REQUIRED WORK »
With any pictures left out, restate word for word the lines in the listing below from the one holding "Flareon Vaporeon Jolteon" through the last.

GIVEN DATA »
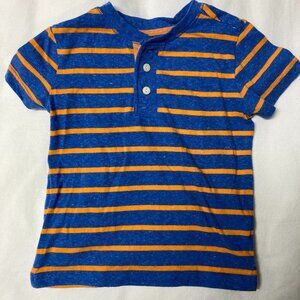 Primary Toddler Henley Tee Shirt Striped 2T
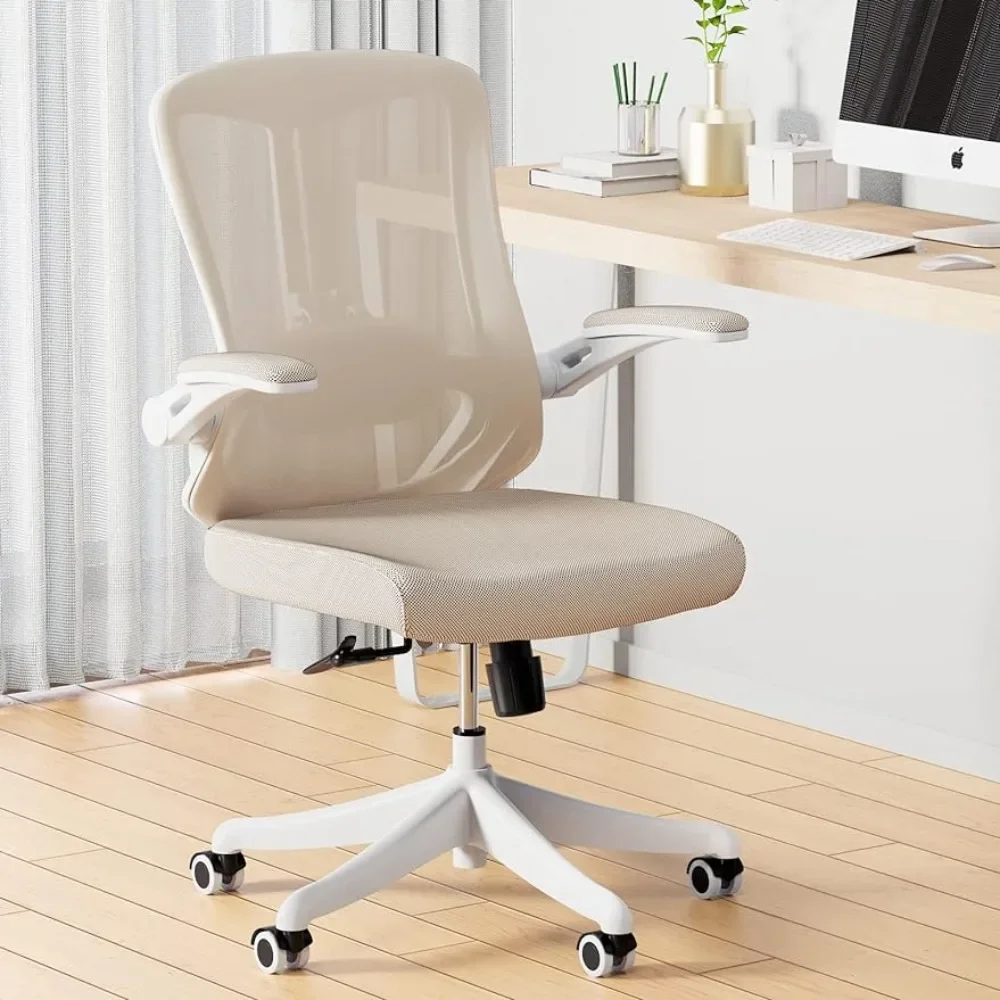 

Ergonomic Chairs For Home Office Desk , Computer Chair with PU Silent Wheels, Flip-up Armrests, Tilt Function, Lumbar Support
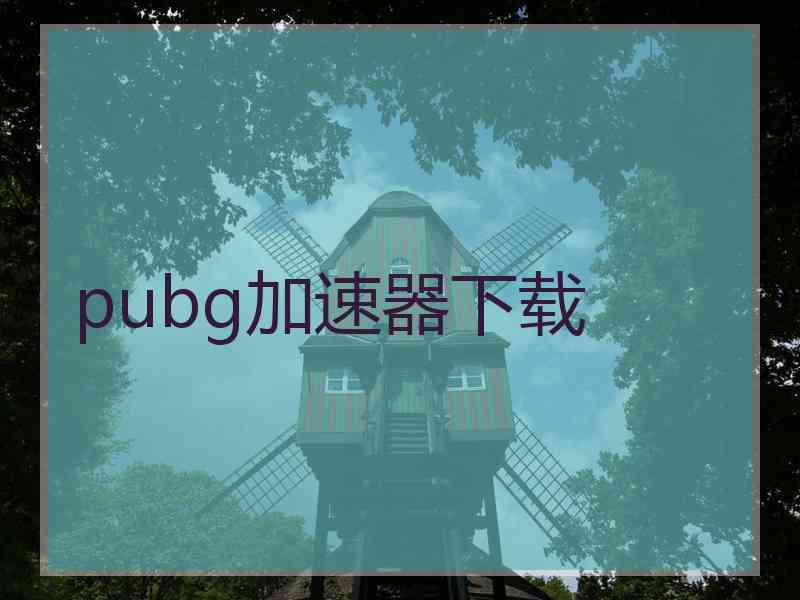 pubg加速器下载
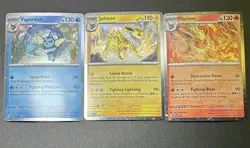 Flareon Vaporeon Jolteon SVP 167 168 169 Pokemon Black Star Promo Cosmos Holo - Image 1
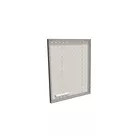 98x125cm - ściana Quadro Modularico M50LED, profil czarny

EXERCISE ANSWER »
 Flareon Vaporeon Jolteon SVP 167 168 169 Pokemon Black Star Promo Cosmos Holo - Image 1
 98x125cm - ściana Quadro Modularico M50LED, profil czarny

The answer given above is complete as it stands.